The secret algorithm one VC firm uses to pick entrepreneurs

Statistics and big data took over baseball scouting some years ago, with the rise of Moneyball. More recently, those tactics have spread to the political world, with presidential candidates using big data to maximize their vote, and Nate Silver using algorithms to correctly predict outcomes in all 50 states.

Now we’re doing it, too. Instead of relying on the gut instincts, punditry and armchair quarterbacking that VCs are notorious for, our firm is pattern replicating to decide which entrepreneurs to fund.

Here are the components of a secret algorithm I developed that we use to score and rate potential investments with entrepreneurs.

1. We look at (and score) what you read

What content has been uploaded into your cerebral cortex via apps, websites, PDFs, books and other miscellaneous educational all matter to your eventual success outcome.What books have your founder team read and what have you posted in your social media feeds? If they’ve spent time reading Technology Ventures, Gear Up, Four Steps to an Epiphany and tweeting knowledge nuggets – quoting chapter and verse – that could lift their entrepreneurial success score via our proprietary algorithm. Posting to Twitter your snowboarding pictures from Lake Tahoe might say something else.
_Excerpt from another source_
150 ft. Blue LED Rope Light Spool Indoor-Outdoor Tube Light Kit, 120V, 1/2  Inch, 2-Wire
Chris Sacca has been quoted as saying he goes right to Twitter and reads the last 50 tweets before he even considers taking a meeting. In our new VC algorithm, you can scrape and evaluate multiple social media streams for what founders have read, uploaded, integrated, and executed. Quality is great, but we are really looking for the quantity of entrepreneurial material comprehended.

2. Age of cellphone number and time of first daily phone call

The age of an entrepreneur’s cellphone number reveals so much: their relative stability, how old they are, whether their number was a jettisoned friends-and-family program or an imported landline number. We get the age of cellphone number through a process called cellphone underwriting, which reveals all of the above and more, and which is perfectly legal but secretive enough that I won’t reveal how it works. At the end of the day, we’re looking for entrepreneurs who are young, stable, middle class, and who have the support of family and friends networks — and the age of the cellphone number tells us all those things.
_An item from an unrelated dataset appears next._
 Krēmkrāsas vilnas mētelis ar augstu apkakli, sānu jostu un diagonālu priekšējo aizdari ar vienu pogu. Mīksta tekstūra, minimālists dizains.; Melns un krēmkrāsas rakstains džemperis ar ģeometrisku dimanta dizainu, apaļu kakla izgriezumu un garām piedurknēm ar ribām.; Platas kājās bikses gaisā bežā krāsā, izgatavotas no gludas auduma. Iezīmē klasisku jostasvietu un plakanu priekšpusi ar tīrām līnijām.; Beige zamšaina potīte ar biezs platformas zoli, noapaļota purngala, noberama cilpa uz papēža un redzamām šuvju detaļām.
So, I take the approximate age of a founder’s cellphone number and then during due diligence, I get a stat: The average time of their first phone call in the day. If you and your entrepreneur team are making and taking calls at 6:30 a.m PT, you’re probably talking with people back East and there’s a 50-50 shot you’re making north of a million in revenues.

So revealing data like this, that we used to W.A.G. (wild ass guess), we can now find out by using our firm’s make-shift cellphone underwriting API, which hooks in with Verizon and AT&T – the two main carriers of the iPhone. (And by “makeshift API,” I mean have our associate do it manually.)
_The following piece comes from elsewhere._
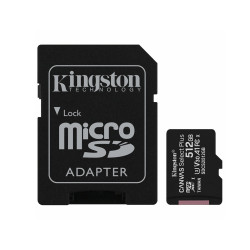 Kingston  Memory Card Canvas Select Plus (SDCS2/512GB)  MicroSDXC with Adapter, 512GB, Class 10 / UHS 1 U3  Black Kingston  Memory Card Canvas Select Plus (SDCS2/512GB)  MicroSDXC with Adapter, 512GB, Class 10 / UHS 1 U3  Black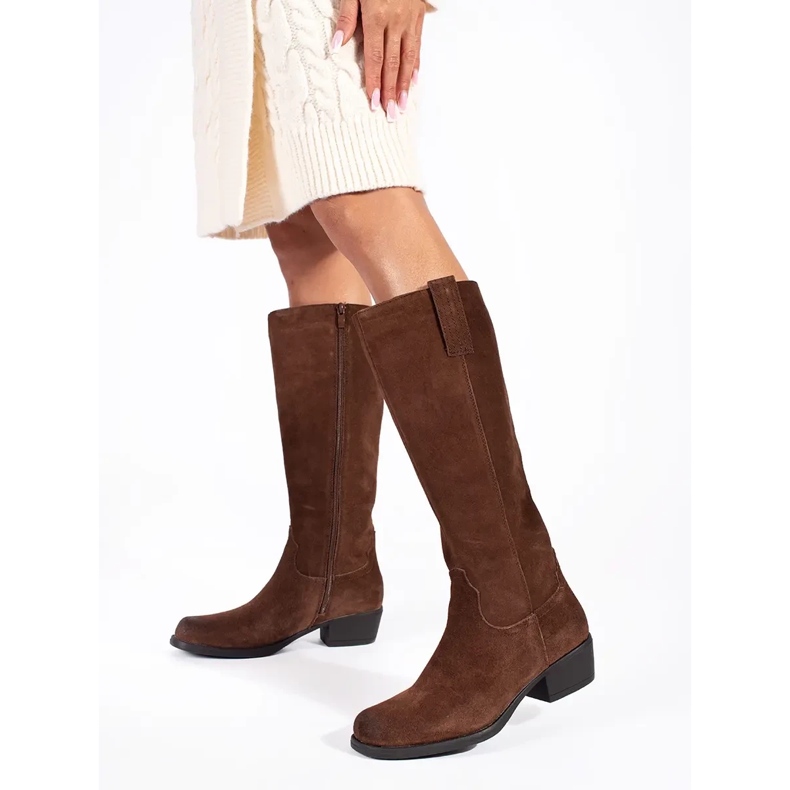 Botas femininas com isolamento marrom por Sergio Leone 1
3. How Othman Laraki are they?

Othman Laraki is a tale that is told inside of the VC community. He sold something big to Twitter. He has degrees from both MIT and Stanford, but also has a ton of street smarts. As an example of his street smarts, he squatted in 2,000 square feet of office space at Stanford’s Engineering building. That duality of street smarts coupled with academic smarts is a critical component of my firm’s algorithm.

A fund that is now underwater used to troll for deals in the basement of the CS lab at Stanford without taking into consideration the street-smart component. They failed to realize that you can’t just replicate what other people already did super long ago — you have to innovate a quarter step. That team of VCs is now begging for LP money in the pay-for-play conference known as “Venture Alpha.” (Spoiler alert: They will not make it to their next fund.)

We don’t talk about the data inputs for this street-smart metric but as a hint: Augie Garrido once said, “Question authority but follow the rules.” We are looking for entrepreneurs who question the status quo and tip-toe the fine line, but still firmly understand rules and existing hierarchies.

4. Stanford University founder team formula

If you reverse engineer the biggest exits, you can see that the whales in every fund’s portfolio had two or three founders from Stanford, with an odd-ball founder from some other school tossed into the mix. YouNoodle released public data on this observation. Our algorithm does not say “just Stanford.” It does say two or three founders from a good school with at least one in the litter that is not exactly like the others – think Cal, NYU, CMU, Illinois or MIT in a pinch.

Recently, Mark Suster, blogged about the phenomenon of overly homogenous founder teams. He argues that if teams are too similar where “all founders even have the same phone,” the founders will likely follow versus lead.